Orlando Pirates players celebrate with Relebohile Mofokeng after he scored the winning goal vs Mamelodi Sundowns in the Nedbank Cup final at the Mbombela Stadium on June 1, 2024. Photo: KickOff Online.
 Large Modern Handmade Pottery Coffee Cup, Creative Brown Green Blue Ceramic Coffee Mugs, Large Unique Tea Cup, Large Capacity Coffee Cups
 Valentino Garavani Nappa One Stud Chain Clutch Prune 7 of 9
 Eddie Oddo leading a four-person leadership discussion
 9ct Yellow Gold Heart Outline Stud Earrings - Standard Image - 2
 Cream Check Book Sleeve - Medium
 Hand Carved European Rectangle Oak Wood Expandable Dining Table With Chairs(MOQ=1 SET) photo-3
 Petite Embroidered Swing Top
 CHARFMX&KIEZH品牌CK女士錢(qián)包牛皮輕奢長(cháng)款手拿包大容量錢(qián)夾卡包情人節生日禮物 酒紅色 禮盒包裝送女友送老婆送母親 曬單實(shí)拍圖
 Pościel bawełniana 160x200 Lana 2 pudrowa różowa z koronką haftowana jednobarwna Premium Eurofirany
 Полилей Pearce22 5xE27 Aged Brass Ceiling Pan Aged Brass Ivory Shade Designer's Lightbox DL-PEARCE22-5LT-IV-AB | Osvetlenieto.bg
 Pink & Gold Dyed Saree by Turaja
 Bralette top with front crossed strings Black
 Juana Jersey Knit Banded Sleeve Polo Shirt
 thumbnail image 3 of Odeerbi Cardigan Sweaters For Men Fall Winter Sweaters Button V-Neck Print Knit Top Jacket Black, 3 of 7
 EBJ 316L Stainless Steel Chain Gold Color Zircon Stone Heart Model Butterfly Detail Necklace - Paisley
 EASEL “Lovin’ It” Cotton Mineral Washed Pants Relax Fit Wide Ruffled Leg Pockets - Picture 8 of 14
--- --- ---
**The problem**
The response must hold only the lines above from the line with "Eddie Oddo leading" through the line with "Pościel bawełniana 160x200", each copied exactly, both ends kept.

**Answer space**
 Eddie Oddo leading a four-person leadership discussion
 9ct Yellow Gold Heart Outline Stud Earrings - Standard Image - 2
 Cream Check Book Sleeve - Medium
 Hand Carved European Rectangle Oak Wood Expandable Dining Table With Chairs(MOQ=1 SET) photo-3
 Petite Embroidered Swing Top
 CHARFMX&KIEZH品牌CK女士錢(qián)包牛皮輕奢長(cháng)款手拿包大容量錢(qián)夾卡包情人節生日禮物 酒紅色 禮盒包裝送女友送老婆送母親 曬單實(shí)拍圖
 Pościel bawełniana 160x200 Lana 2 pudrowa różowa z koronką haftowana jednobarwna Premium Eurofirany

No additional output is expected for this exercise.